The sometimes heated questioning coincides with mounting election-year political pressure and soaring campaign cash contributions from the industry, which SEC Chair Gary Gensler has described as rife with criminality and other non-compliance leading to steep investor losses.

All five of the SEC's members appeared on Tuesday at a hearing of the U.S. House Financial Services Committee, only the third time this has happened in the past 17 years, allowing Republican commissioners to voice dissent alongside its majority Democratic members.

Senior Republican lawmakers were joined by some Democrats in expressing stern displeasure.

Committee Chairman Patrick McHenry, a Republican, said the SEC had referred to digital assets using a series of different terms that left the crypto industry unsure was to what assets fell under SEC jurisdiction.

Gensler said the distinction was "less about the terms. It's more about the economics," referring to Supreme Court precedent on the definition of securities as investment contracts.

However, Republican Commissioner Hester Peirce, a vocal critic of Gensler's policies, said the agency had "taken a legally imprecise view to mask the regulatory lack of clarity."

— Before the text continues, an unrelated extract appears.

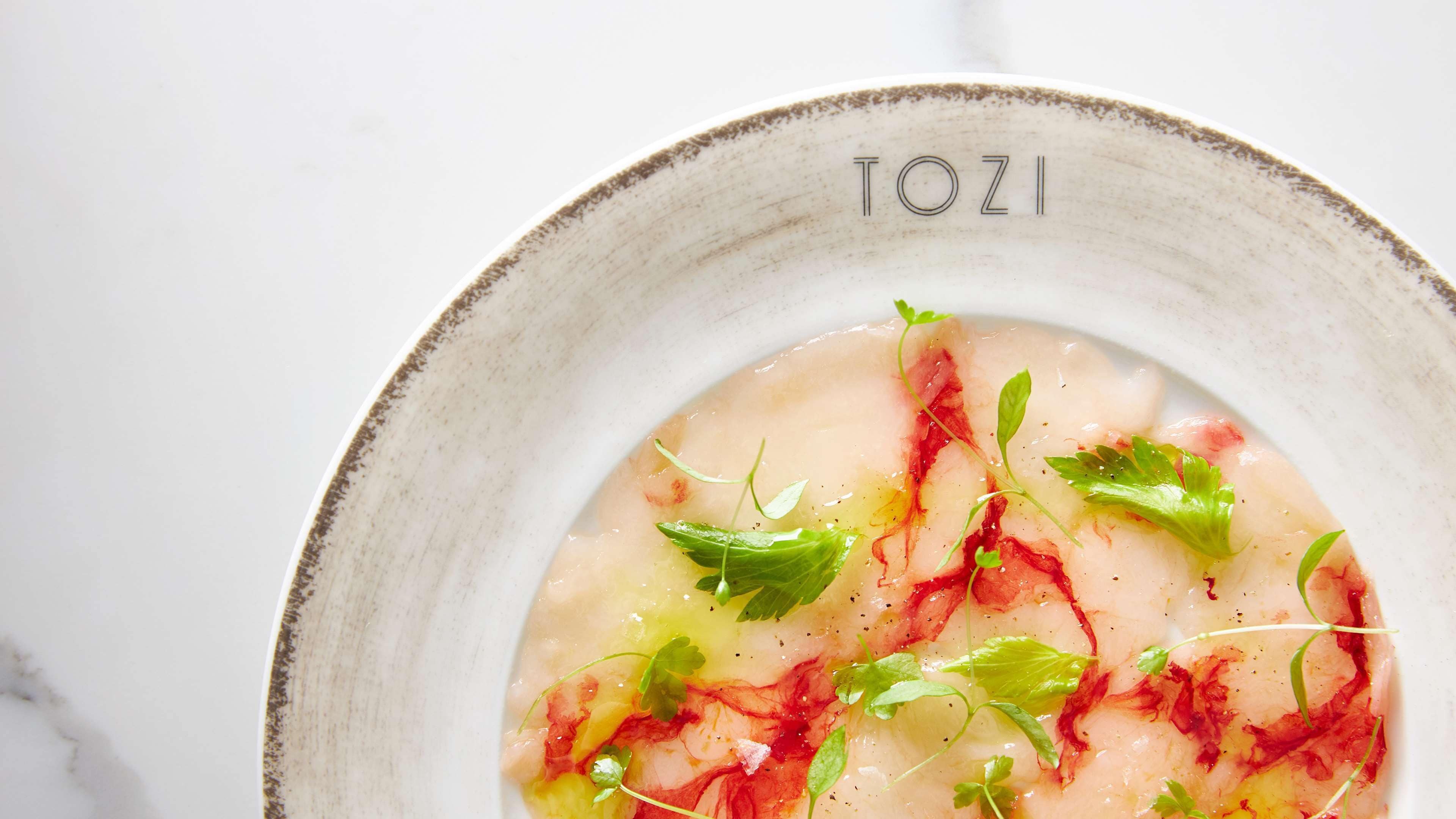Un plato con base cremosa, adornado con hierbas verdes y detalles rojos, servido en un plato de cerámica con la inscripción 'TOZI'.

This created questions as to whether an asset was a security, part of an investment contract or sold alongside one, which then affected sales, Peirce said.

Since taking office, Gensler has insisted the existing securities laws are sufficient for regulating the crypto industry, rebuffing calls for industry-specific regulations.

Gensler also defended a 2022 SEC accounting bulletin that lawmakers in May unsuccessfully sought to rescind and which calls on public companies safeguarding crypto assets to record them as balance sheet liabilities.

A series of bankruptcies had shown the practice was justified, Gensler said.

Gensler also said, depending on the outcome of November's elections, his agency could try again to issue regulations governing corporate disclosures about share buybacks, following a 2023 court decision striking down an SEC rule adopted last year.